9. APAR OW30059 (PTF available 12Dec97) reports type 42 values for
Direct Write and Direct Read SMF42DWB/SMF42DRB and this APAR is
likely the fix that was originally described in note 26 in MVS
Technical Notes in MXG Newsletter THIRTY-TWO for APAR OW20926.
When the channel program did single CI reads and writes, residual
data was left in the counter that was not used.
10. APAR PQ09396 (Target 26Dec97) for MQSERIES SMF type 116 reports
inconsistencies between 115 and 116 record's statistics.

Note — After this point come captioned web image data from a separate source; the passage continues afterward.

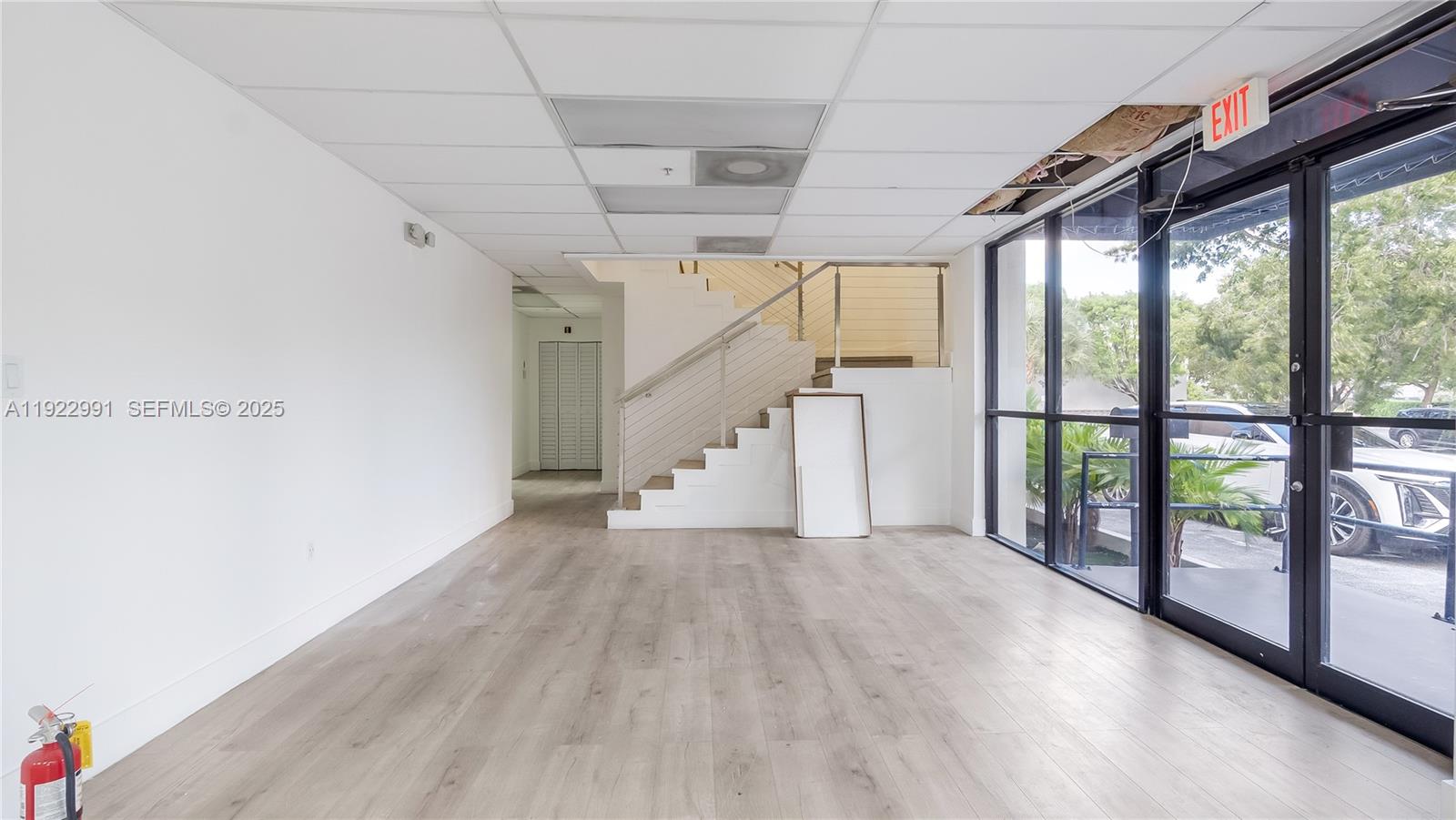 See details / sq. ft. $ 2025-12-03 0 Photo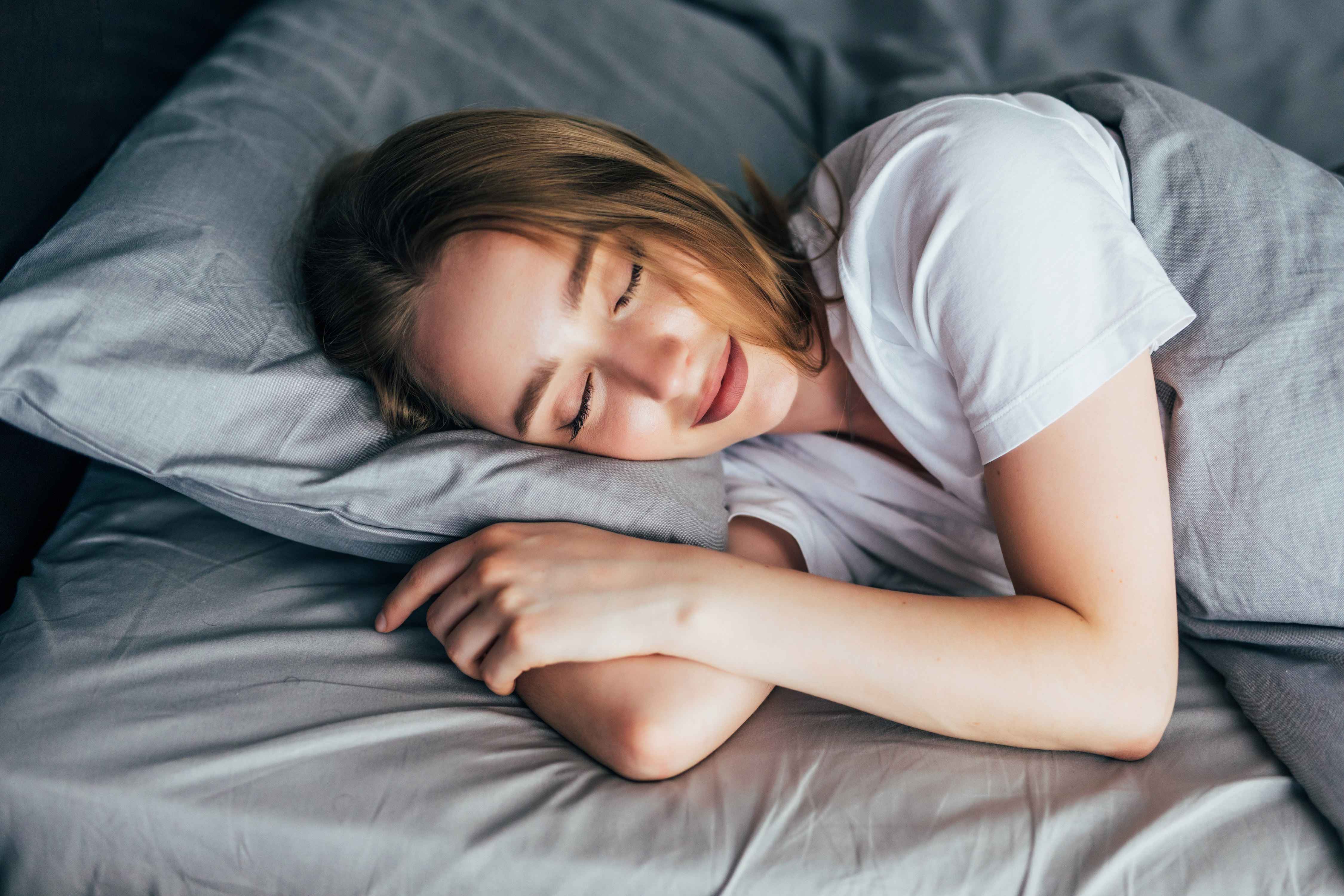 Tidur Setelah Makan? Waspadai Gangguan Pencernaan dan Berat Badan Naik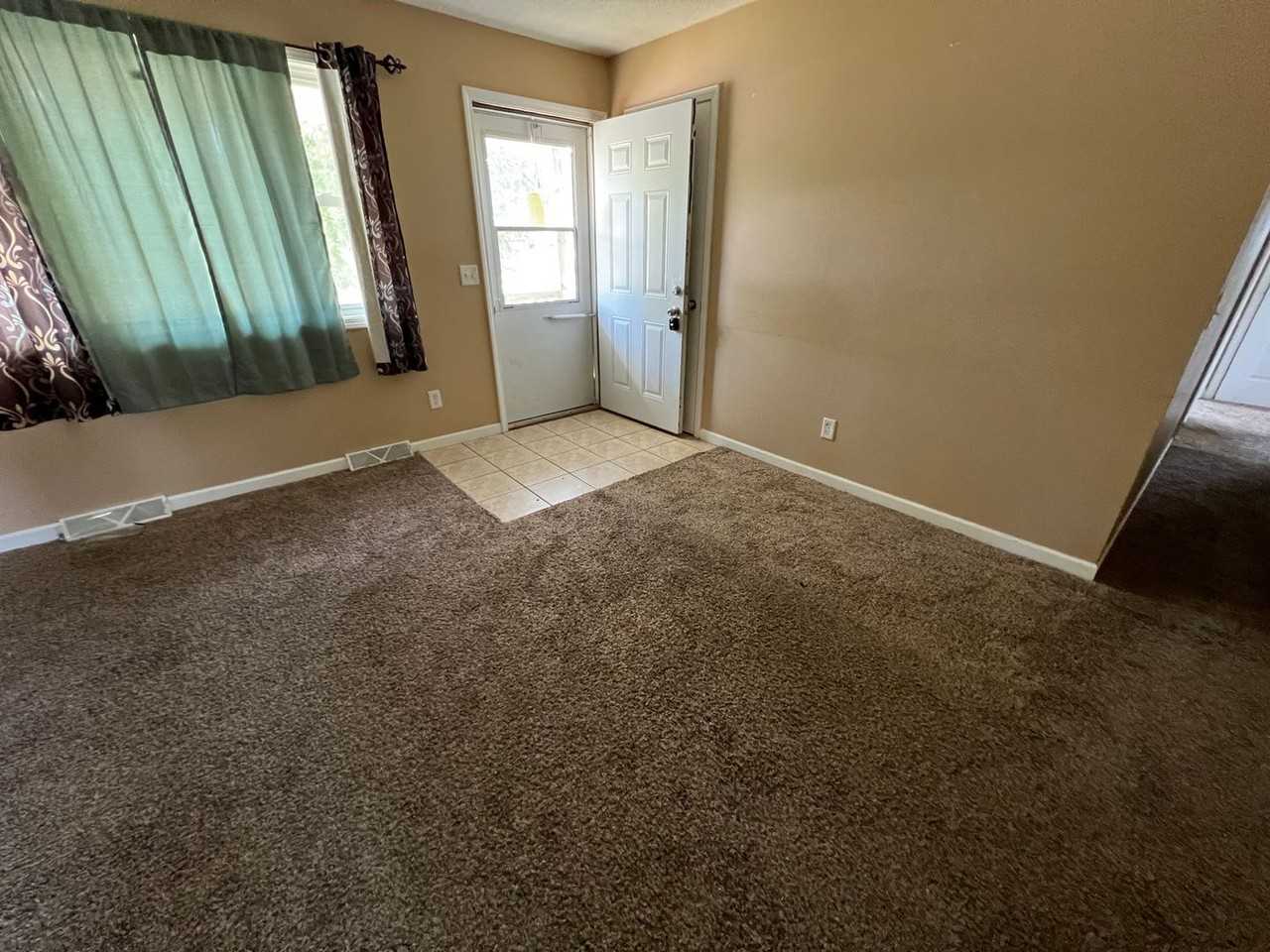 610 7th St - Photo 3 of 7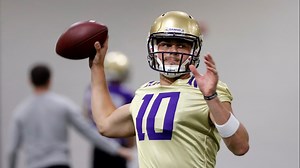 No. 13 Huskies name Jacob Eason starting quarterback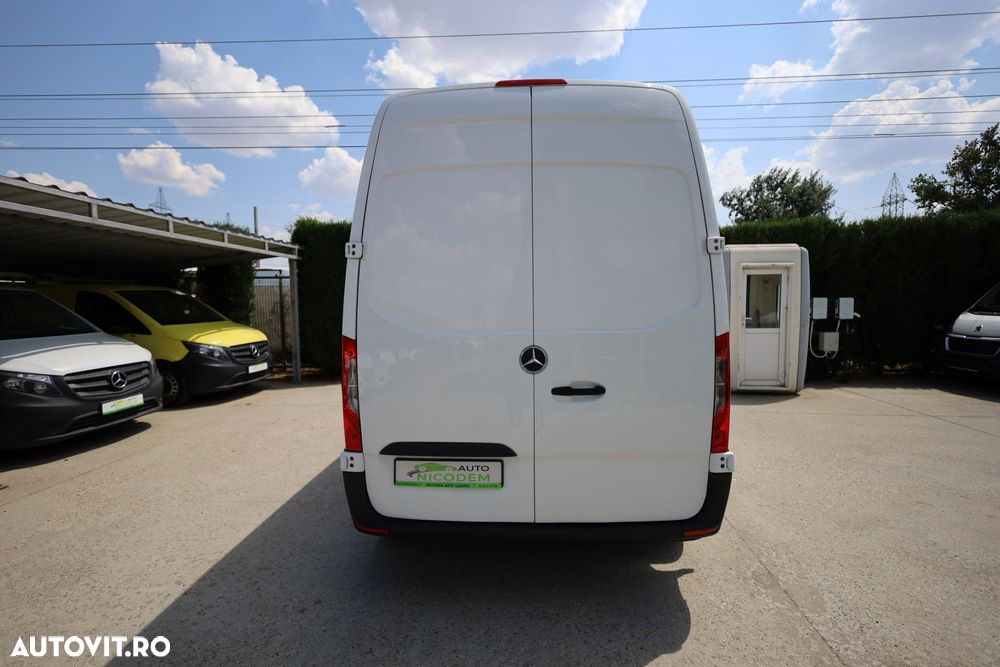 Mercedes-Benz Sprinter - 6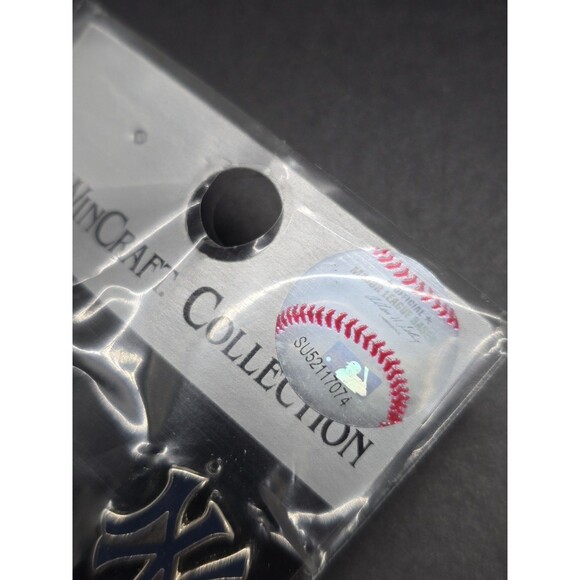 MLB New York Yankees Post Earrings Interlocking NY New In Package - Picture 4 of 6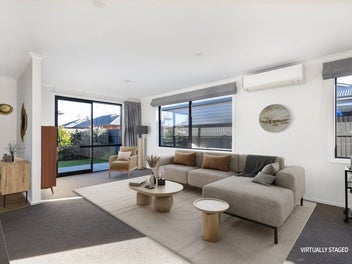 Effortless Living Near the Heart Of Town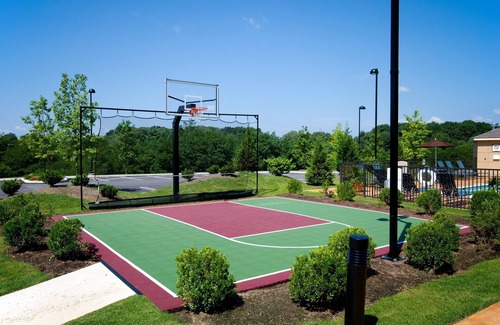 Concordville Condo | 2 Bedroom | Free Breakfast. Seasonal Outdoor Pool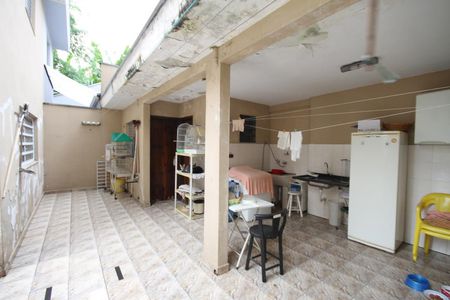 Casa à venda com 220m², 3 quartos e 5 vagasÁrea de Serviço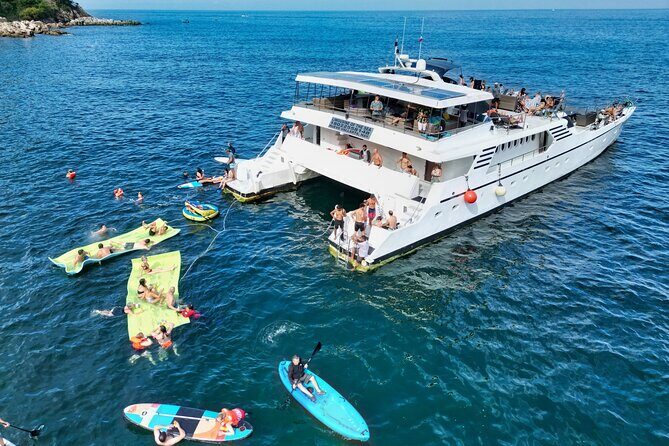 Mega Yacht Limousine of the Sea 1: Puerto Vallarta - An In-Depth Look at the Experience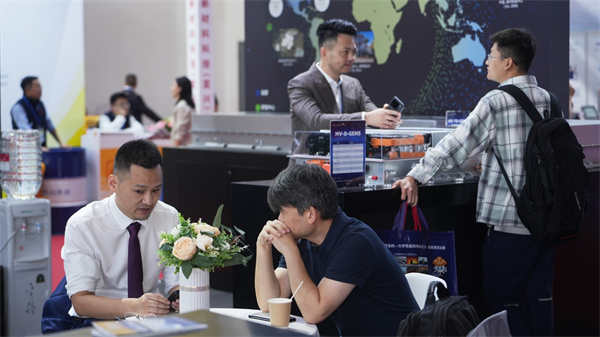 亮剑BICES 2025——微宏快充助力工程机械装备绿色升级 亮剑BICES 2025——微宏快充助力工程机械装备绿色升级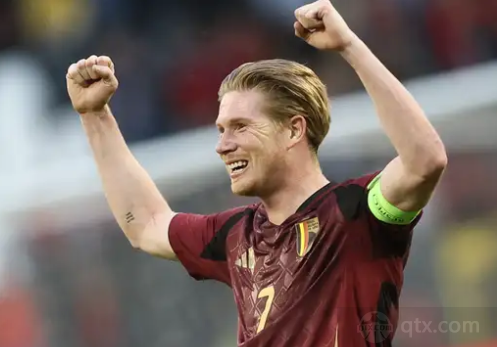 辽宁男篮王哲林关键得分带队胜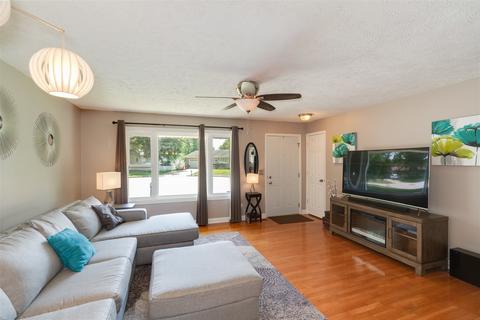 310 Browne Ct, Normal, IL 61761 photo 13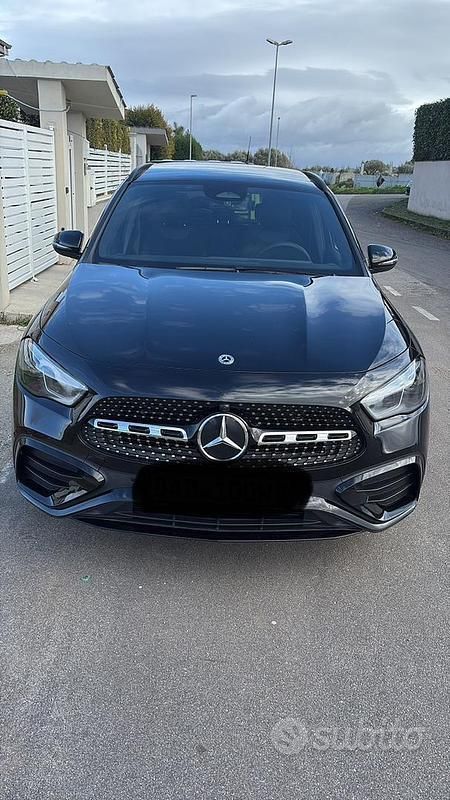 Usata Mercedes GLA200 Premium 150 CV (110 kW) 2024 Nero SUV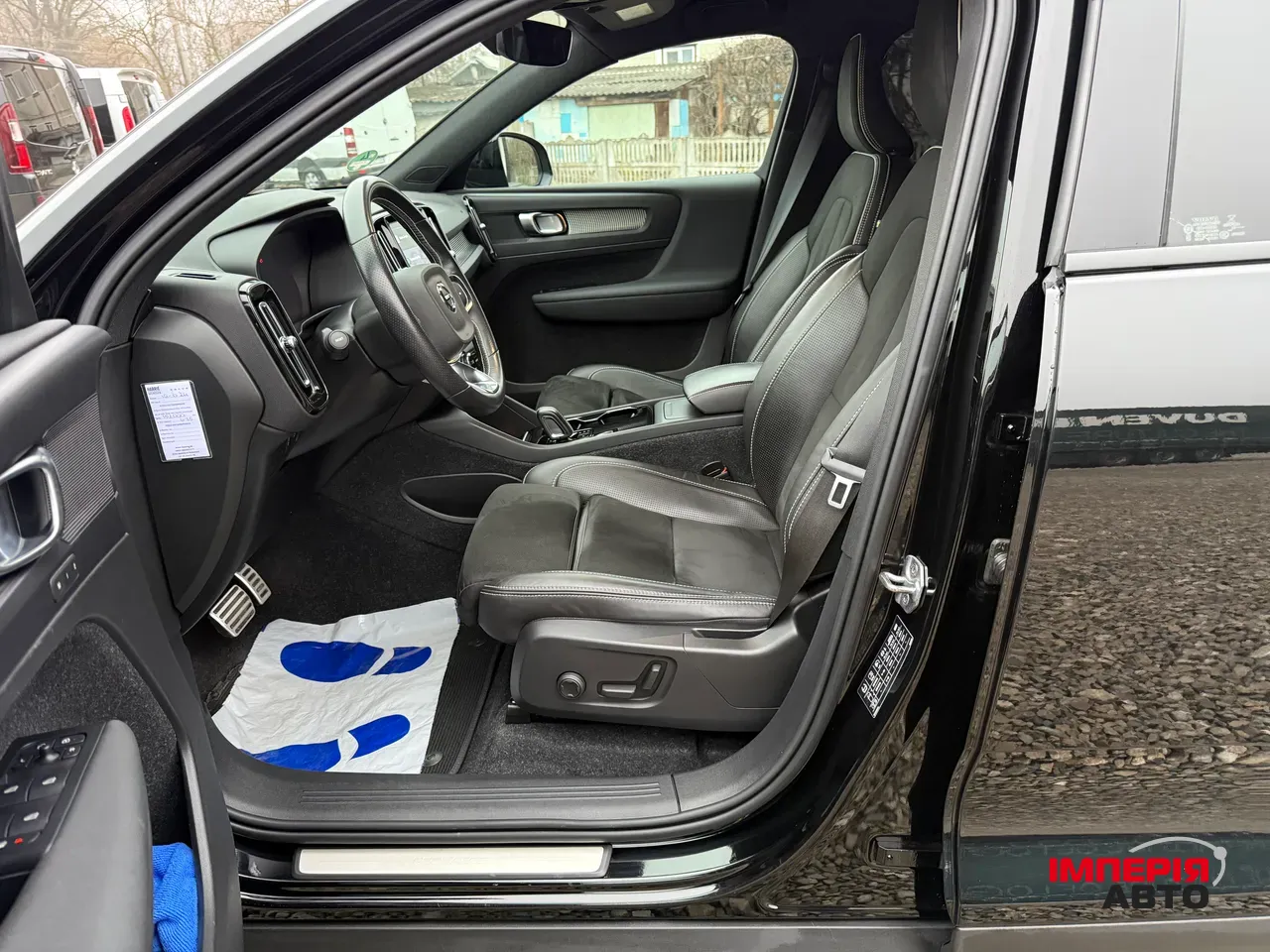 Volvo XC40 - фото 37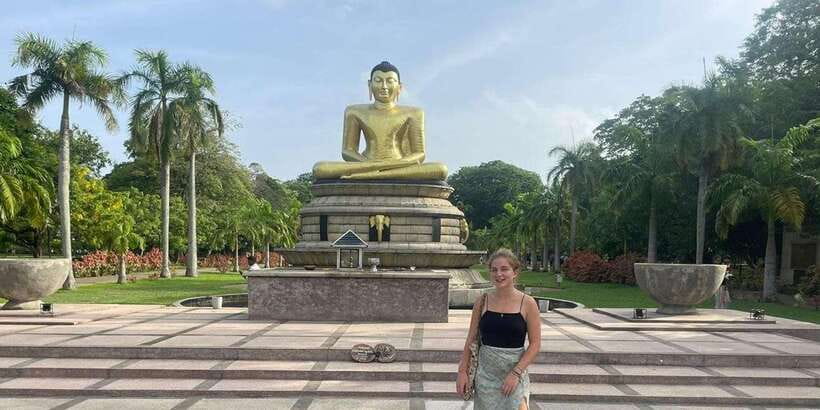 Colombo: City Tour by Tuk Tuk with Srilanka Traditional Food - Food, tea, and the value of local flavor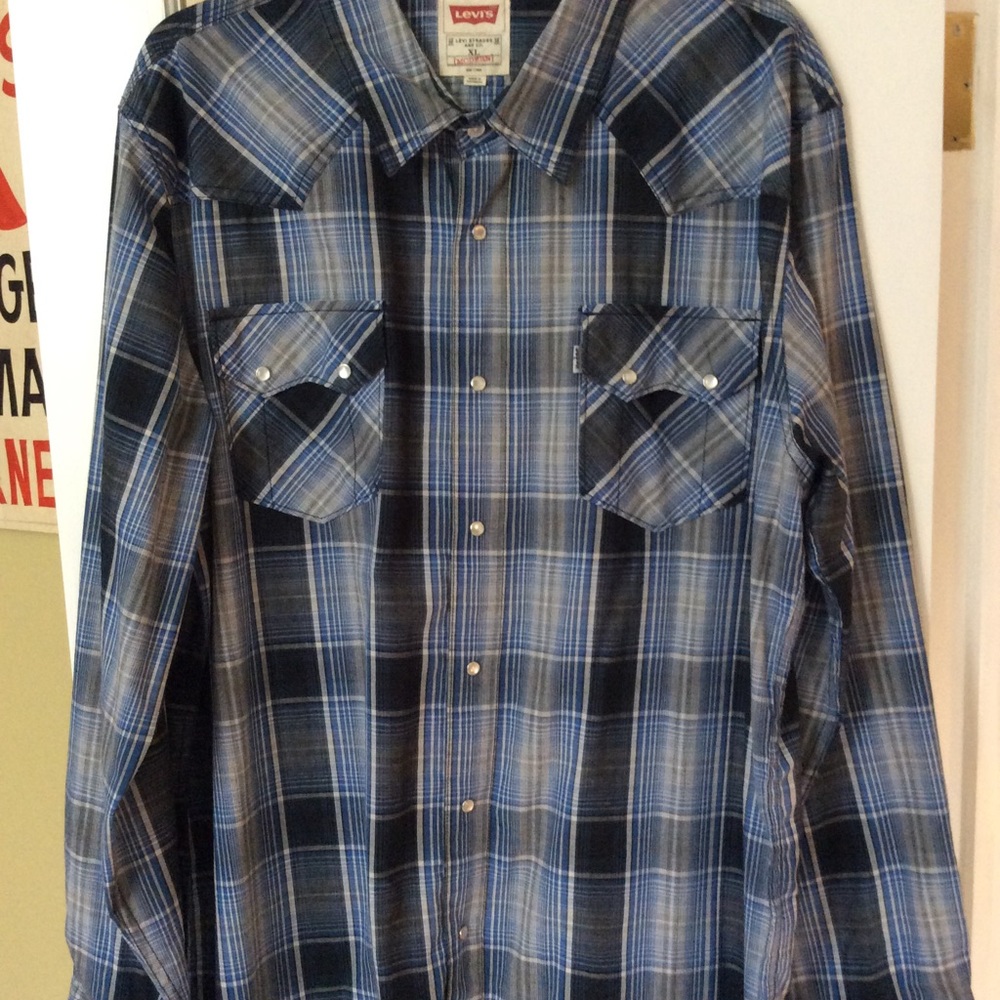 Levi’s Western Shirt w/ snaps + sawtooth pockets
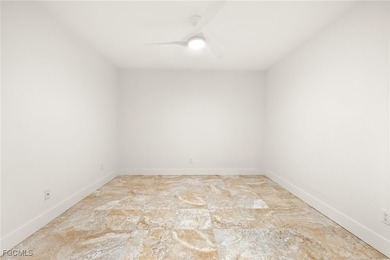 SELLER IS VERY MOTIVATED!!! Kelly Greens Golf & Country Club on Kelly Greens Golf and Country Club in Florida - for sale on GolfHomes.com, golf home, golf lot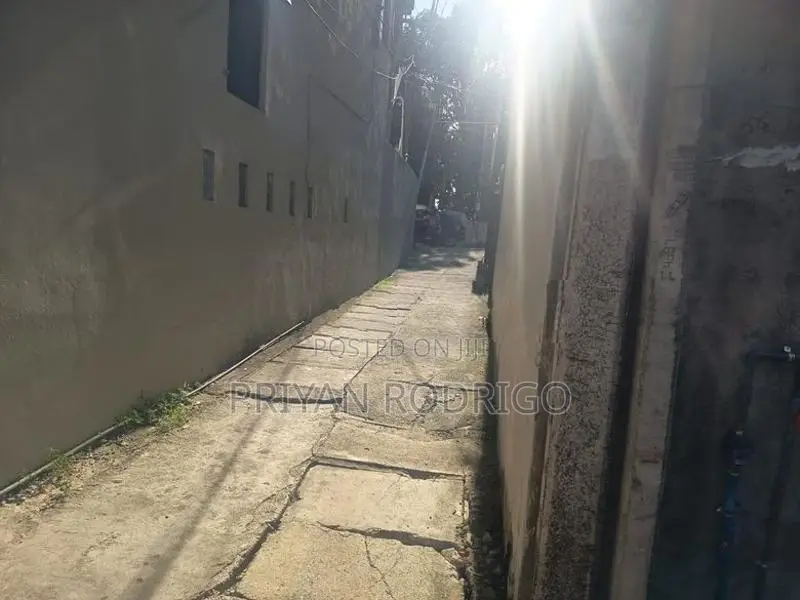 Nawala Koswatta 16.5 Perches of Land with an Old House for Sale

11. APAR PQ09083 is for subtype '51'x of the FTP SMF record (VMACFTP).
The text mentions SMF Record Type 51, but there is no type 51 SMF
record (yet). The APAR corrects missing values in variables
DVGSETME/DVGSEDTE in dataset FTP51X.
12. Job Accounting for Started Tasks became available with MVS/ESA 5.1,
because you can now have a JOB card in the JCL for your STC's, and
can put ACCOUNT parameters in that JOB card that show up in MXG's
ACCOUNTn variables in PDB.JOBS/PDB.PRINT/PDB.STEPS datasets. The
JCL Reference Manual Sections 7.2, 7.3, and 16.7 discuss how.
13. What happens to measurements if I have a Y2K Test System in an LPAR?
You can use the ASUM70PR dataset and select the observations from
your production LPAR (SYSTM='PROD') to measure the Y2K Partition's
resources, since the STARTIME of the records with SYSTEM='PROD'
will be your local time of day.
All of the records written on SYSTEM='Y2K' will have the year 2000
dates (although the READTIME value could be earlier if jobs were
read into the hold queue before IPLing with year 2000). Since the
Y2K system will be re-IPLed repetitively with the same start value
(probably 31DEC99:23:45:00), RMF interval data will appear to have
duplicate data and the jobs/steps from all IPLs will be jumbled
together, because MXG sorts RMF data by STARTIME and job data by
READTIME.
You can extract SYSTEM='Y2K' data for a specific "test run" by
finding the record number (_N_) of each SMF IPL record, using:
%INCLUDE SOURCLIB(VMACSMF);
DATA _NULL_;
_SMF;
IF ID=0 THEN PUT 'IPL RECORD FOUND ' _N_= SMFTIME=;
and then use the record number of the specific IPL to select only
the SMF records desired. If you wanted the third run, and the third
IPL record had _N_=8,000 and the next IPL record had _N_=10,000, you
would use this logic:
%INCLUDE SOURCLIB(VMACSMF);
DATA _NULL_;
_SMF;
FILE SMFOUT DCB=SMF;
IF 8000 LE _N_ LE 9999 THEN PUT _INFILE_;
IF _N_ EQ 10000 THEN STOP;
to write to //SMFOUT DD only those records for that test run.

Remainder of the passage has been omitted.